Well done on the Dallas Mavericks for winning this year's NBA championship. Dirk Nowitzki and owner Mark Cuban have put their team in a great position to win for over a decade now and it's good to see it all (in Cuban's case, quite literally) pay off. Plus, the Mavs conform roughly to my ideal of how a team should be constructed: astute drafting, clever trading, a couple of handy free-agent signings, all combining to form a deep and balanced team that can handle just about any situation that is thrown at them. Essentially they're another version of my beloved 2004 Detroit Pistons team.
Meanwhile, I've grown well past tired of the level of vitriol that has been thrown at the Miami Heat over the past season. That Cleveland and Toronto fans will never forgive LeBron James and Chris Bosh for leaving I can understand, absolutely. But really, when you put it all together, what have they done to inspire the general level of hatred they have received from other fans? LeBron's "Decision" TV special? Yeah, it was self-promoting and a kick in the teeth to Cleveland fans, but it's not like he went up there and gave the middle finger to anyone - he seemed genuinely torn and sad to be leaving the only team he had known for seven years. (What he did behind the scenes might be another matter.) The "Welcome Party"? Yeah, it was over the top, but is it a lot different to how New York or Chicago would have reacted if they had managed to sign up the three most desired free agents in the league? The on-court and off-court posturing? It's no worse than a lot of other players; indeed, compared to what was going on in the early '90s when the league first gained global prominence, it's relatively subdued. If you're not from Ohio or Toronto, get over it. They lost anyway.

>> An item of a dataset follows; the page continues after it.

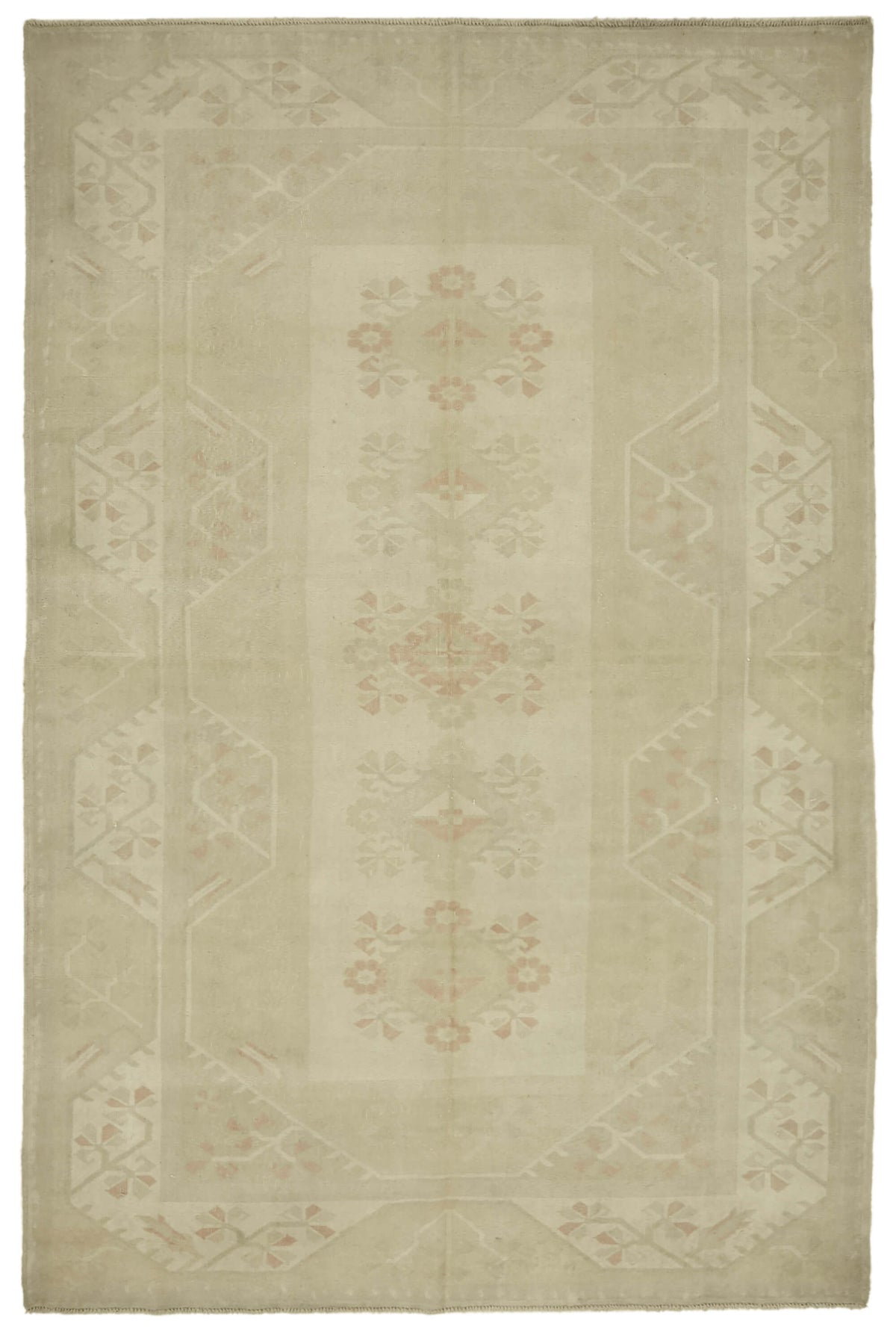 Kavale Bej Modern Halı, Bordürlü Geometrik Desenli 205x313 cm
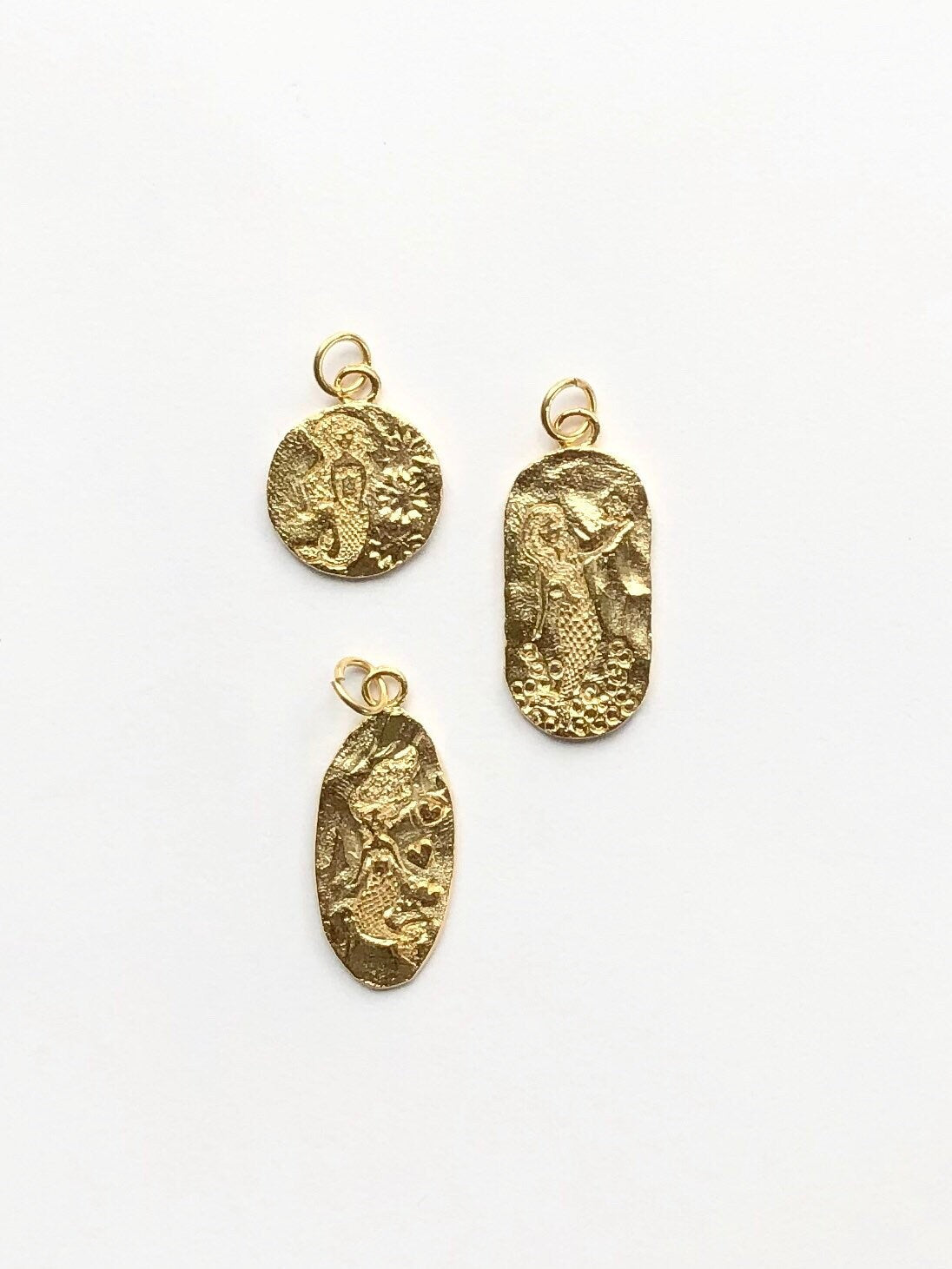 Gold Mermaid Pendant, Mermaid Charm, Ocean Charm, Mermaid Jewelry, Little Mermaid Charm, Charm Bracelet, Nautical Jewelry, Mermaid Jewelry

Now, unfortunately, it seems we are headed for the owners locking the players out over disputes around a new collective bargaining agreement. Presumably it's in no-one's interest for it to go on too long, but it may eat up a sizable part, if not all, of next season at least. This is during a time where interest in the NBA (according to TV ratings) has ignited again, and a lockout would surely slow this momentum.
Anyway, to finish off, here are my five most memorable moments from season 2010-11:
5. Following a mutiny in Detroit, the Pistons' bench laughs as their coach John Kuester is thrown out.
4. Jason Terry inexplicably lobs a long-range 3 in the dying moments of Game 5 of the Finals - and essentially ices the game for Dallas.
3. Blake Griffin dunks over a car.
2. Blake Griffin dunks over the Knicks.
1. The Miami Welcome Party - you have to admit it was memorable.